Mayer taught and coached at the school for seven years; he later became a junior-high principal, a high school principal, and Assistant Superintendent of Schools. Joe was a member of the Lions Club and served as Little League umpire-in-chief. His philosophy to students and athletes alike: “Make the most of your opportunities while in school. You only pass this way once. What you are to be, you are now becoming.”
Joe still played baseball during the 1950s. He delighted in overhearing the whispers of opposing players about how he had to have played ball at a higher level. He declined an offer by the Phillies to suit up and return to Wilmington as a shortstop. Later he was offered a managerial position in the Phillies system, but Joe again decided to stick with the security of the school system.
Mayer married the former Carol Cronemeyer, a New York native, on August 18, 1956. The couple had three children and five grandchildren. Mrs. Mayer was quite the athlete herself. When the children played Little League ball, Carol competed on a softball team for mothers.
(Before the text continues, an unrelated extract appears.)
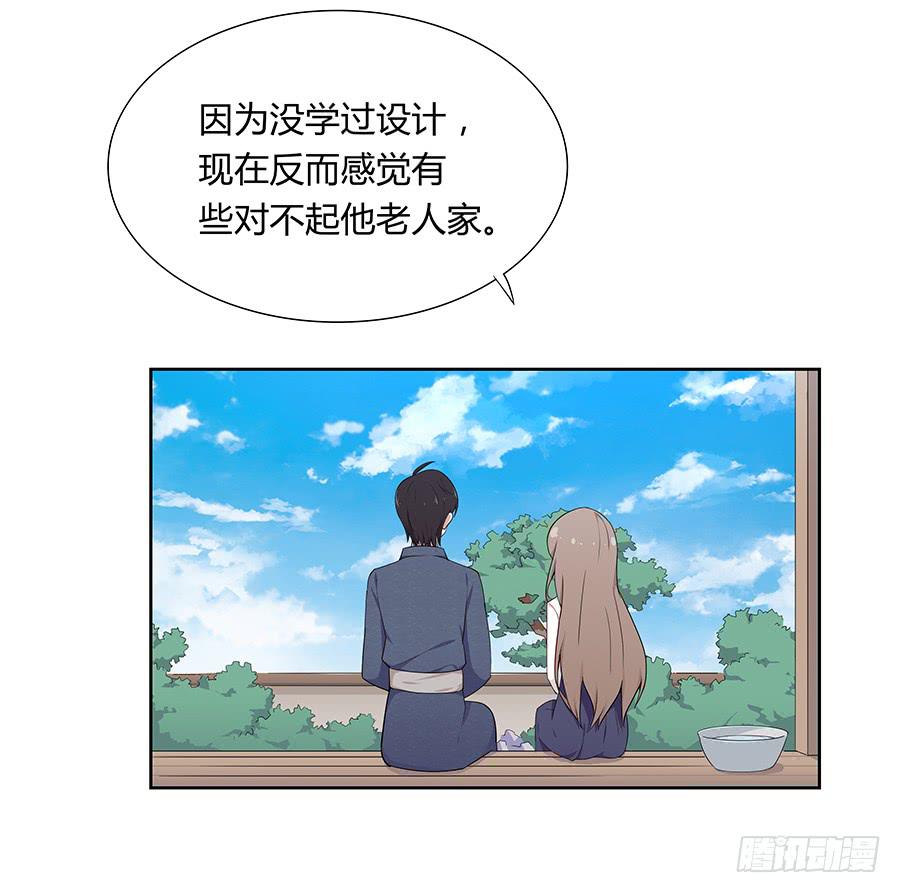 🍔恋爱云书 043春心萌动 第36页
The couple resides in Toms River, New Jersey, their headquarters while traveling to visit family and friends. In his leisure time, Joe enjoys reading and golf. He regularly follows baseball and the New York Yankees are still his favorite team. A clipping in Joe’s scrapbook refers to the young player as: “the classy shortstop.” The description fits.
The quoted material is sourced from the personal scrapbook of Joseph G. Mayer. Most clippings in the scrapbook are undated and unaccredited. The scrapbook and stories were shared with the author during a personal interview on July 28, 2007 and follow-up phone conversation on August 4, 2007.